What do you do and what is most interesting about your role here at Goddard? How do you help support Goddard’s mission?
I am a technical “influence manager.” I sit on agency enterprise architecture and IT capital planning and investment control teams. I represent the programmatic interests of Goddard’s Sciences and Exploration Directorate, including supporting our specialized, high-performance computing facility, the NASA Center for Climate Simulation. I advocate these requirements to the Information Technology and Communications Directorate, as they relate to IT budgetary reporting to the Office of Management and Budget and Enterprise Architecture. I serve on the Procurement Executive Board for purchasing information technology goods and services called Solutions for Enterprise-Wide Procurement.
What was your initial position when you started working here on March 14, 1977?
I was hired as a systems programmer to troubleshoot technical issues for the Science and Applications Computing Center, which has evolved into the NCCS. I analyzed hardware and software problems for the IBM mainframes. We had 60 people working three shifts a day mounting over 65,000 tapes a month. Scientists used keypunch machines, typing out programs on 3.25 by 7.25 inch cards. Information was stored off-line on 200 MB tape reels. Today’s memory sticks have orders of magnitude more capacity than did our tapes or disks. Computing rooms were kept very cold, preventing hardware systems from overheating.
Do you remember your first interview at Goddard?
I had to demonstrate that I was strong enough to lift a 14-inch 2314 IBM disk drive weighing 10.2 pounds and asked if I planned on getting pregnant. Being single, I was first to be called outside of normal working hours for hardware or software problems. Without email, some IBM operating system patches were mailed to my home on tapes via FedEx.
When I was offered the job, I was told that “anyone who could survive taking 51 credits of college mathematics would stick with any problem until it was fixed.” Maybe it was my New England upbringing. Vermonters don’t know how to give up!
How do you “pay it forward”?
I participate on our 600 Directorate’s Diversity Council, and both the center’s Civility Collaborative and Native American Advisory Committee.
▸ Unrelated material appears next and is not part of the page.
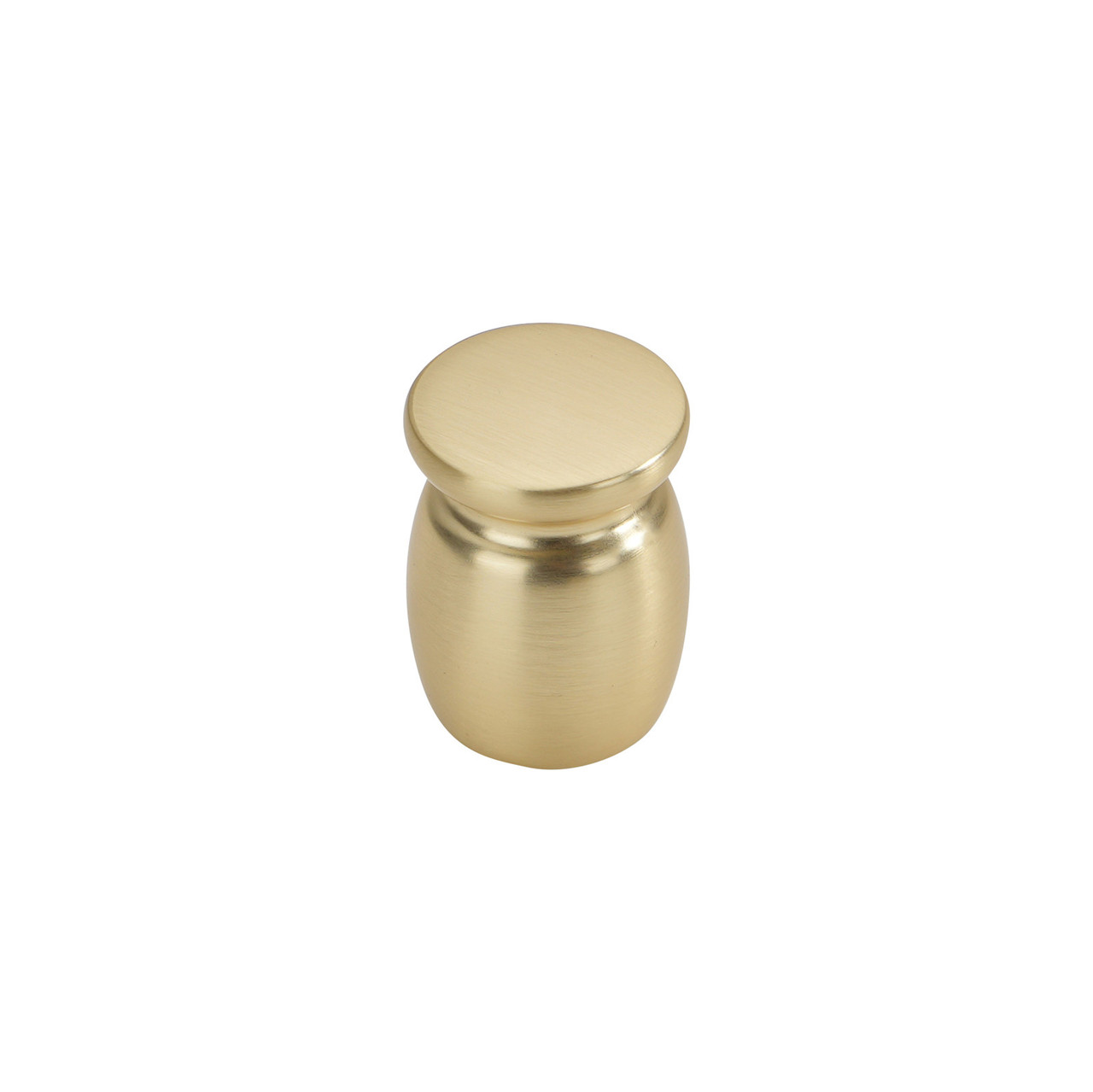 JALADERA BOTÓN COSMOS 46G LATÓN SATINADO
I mentor many people from across the center.
What are some of the changes you have seen in offices?
I started working before internet or cell phones. We talked in person or on the phone, developing relationships and rapport: Your word was your bond. If I needed anything, I would go see or call in person. Today, with technology changing so quickly, there seem to be many emails going back and forth, too much time spent trying to configure technology before doing actual work.
Today there are so many more meetings. Life is controlled by your calendar full of back-to-back meetings. Sometimes it seems all one does is go to meetings.
Why did you become a math major in college?
Math has a right or a wrong answer. There is a process and rules to solving a math problem. There is always a solution, although there may be multiple paths to a solution. Math requires someone who is doggedly determined and persistent until the problem gets solved.
What words of wisdom would you pass along to somebody just starting their career?
Stretch yourself. Take risks. Just because something has always been done one way doesn’t mean that you can’t question it and come up with a different way.
What are you passionate about?
I am passionate about respecting and protecting the fragile Earth and all her creatures. With innovation, creativity and determination, NASA is at the forefront of this work.
Who is one of the more interesting people you have met at Goddard?
My husband, Stephen Palm, an Earth science researcher in the Earth Sciences Division. We celebrated our 30th anniversary and have two daughters, both graduates of Goddard’s Child Development Center. One is a registered nurse, the other plans to become a veterinarian.
Do you have a favorite way to kick back, relax or have fun?
We have two, longhaired German shepherds whom I adore. I love to read murder mysteries and watch criminal investigation shows.